# Task brief
Pull out every line from the line containing "Jules Adolphe Goupil" through the end of the material, both ends included, and reproduce it exactly. Keep pictures out.

--

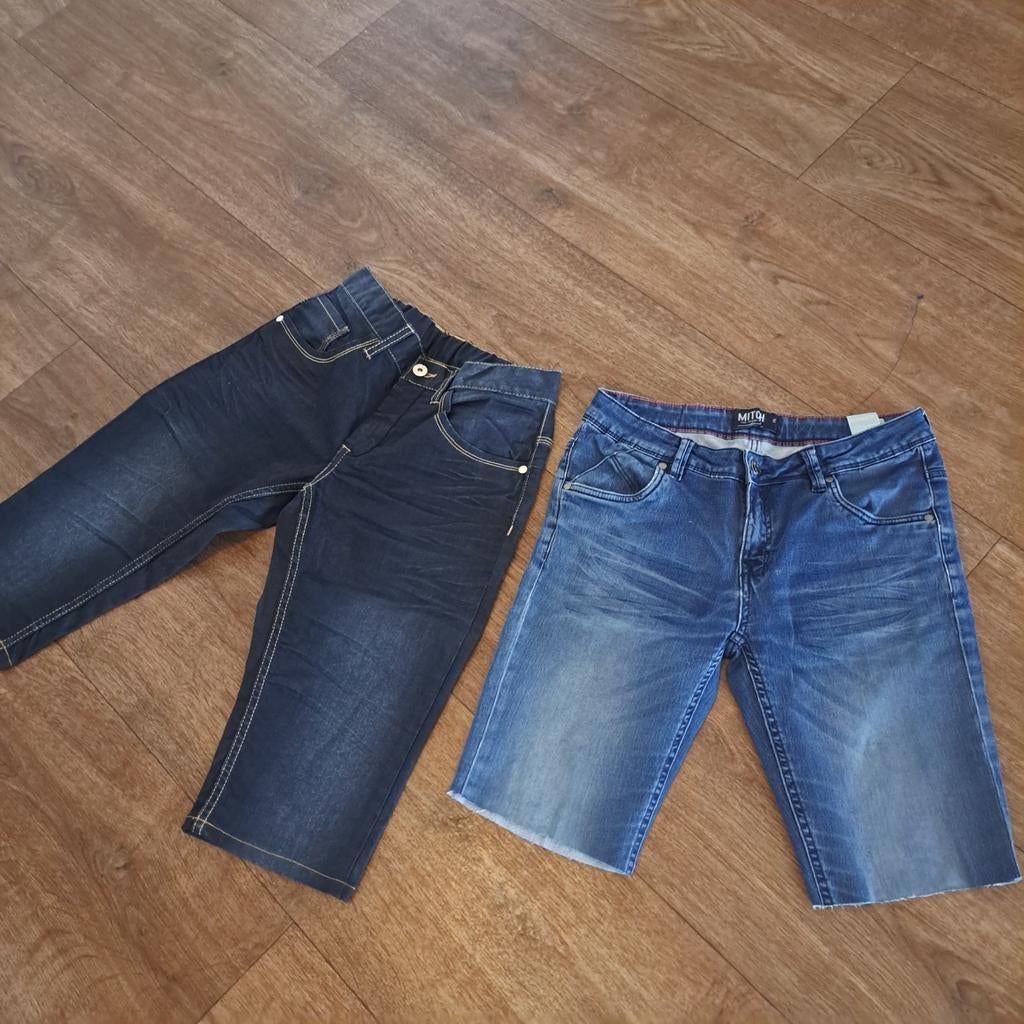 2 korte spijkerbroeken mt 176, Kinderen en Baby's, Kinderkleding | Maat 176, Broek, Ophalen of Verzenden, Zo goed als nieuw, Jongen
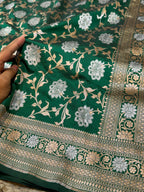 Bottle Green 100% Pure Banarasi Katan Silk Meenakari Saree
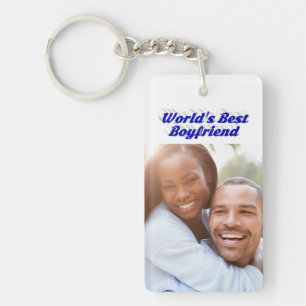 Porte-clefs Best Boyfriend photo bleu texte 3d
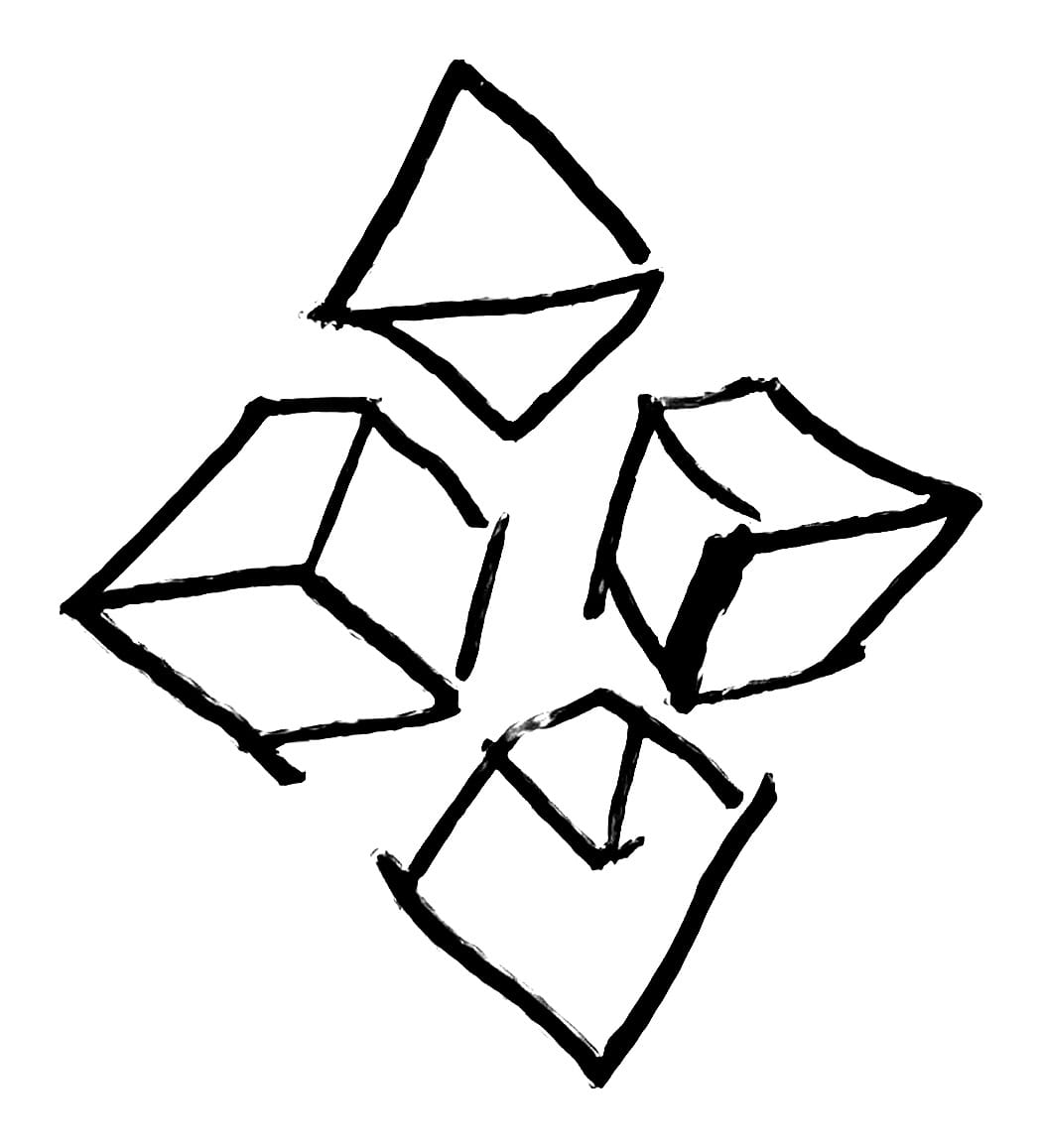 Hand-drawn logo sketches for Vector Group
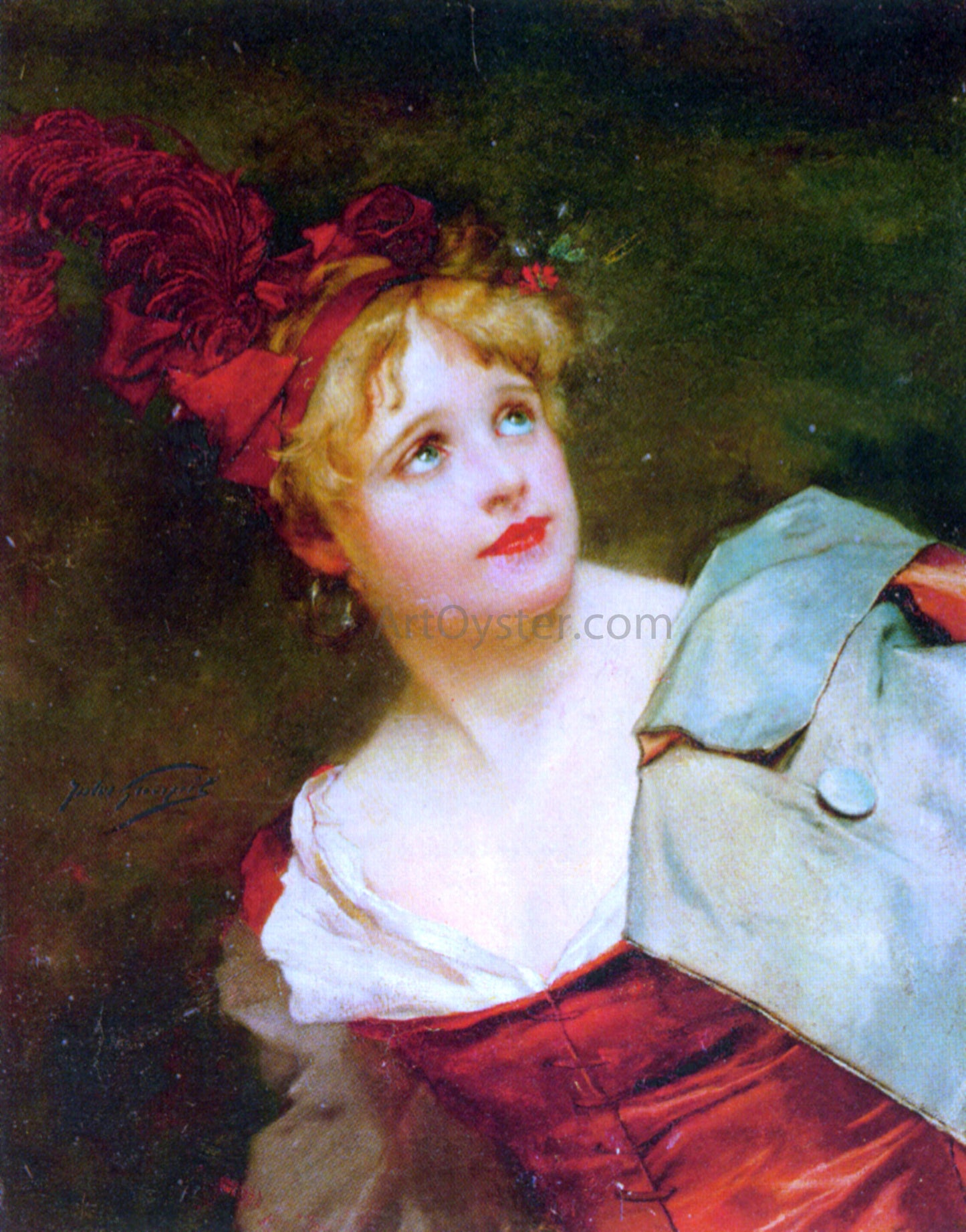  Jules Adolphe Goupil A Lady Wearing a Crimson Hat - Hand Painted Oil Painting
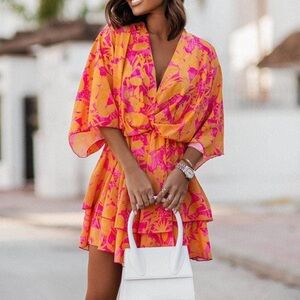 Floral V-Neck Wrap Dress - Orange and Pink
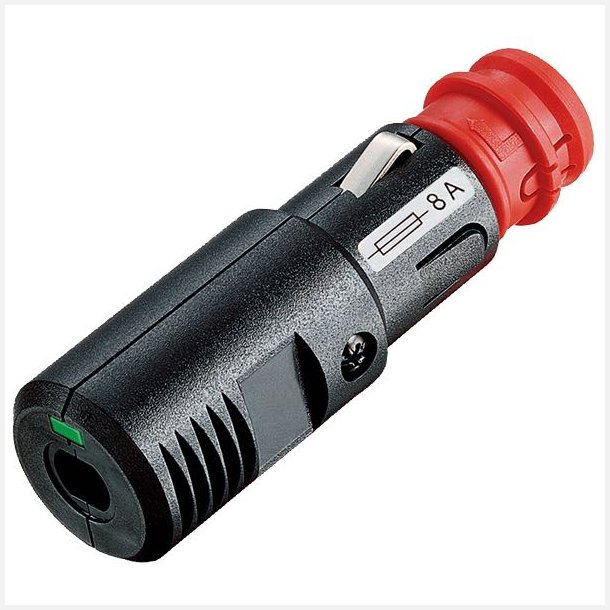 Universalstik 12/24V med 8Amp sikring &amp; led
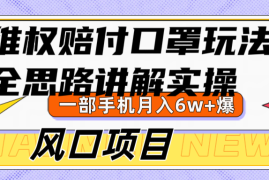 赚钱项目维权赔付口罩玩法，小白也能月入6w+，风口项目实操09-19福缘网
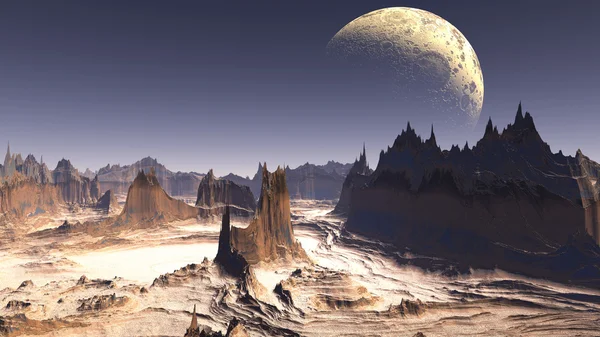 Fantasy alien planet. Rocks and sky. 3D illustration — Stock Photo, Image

--

# Result
  Jules Adolphe Goupil A Lady Wearing a Crimson Hat - Hand Painted Oil Painting
 Floral V-Neck Wrap Dress - Orange and Pink
 Universalstik 12/24V med 8Amp sikring &amp; led
 赚钱项目维权赔付口罩玩法，小白也能月入6w+，风口项目实操09-19福缘网
 Fantasy alien planet. Rocks and sky. 3D illustration — Stock Photo, Image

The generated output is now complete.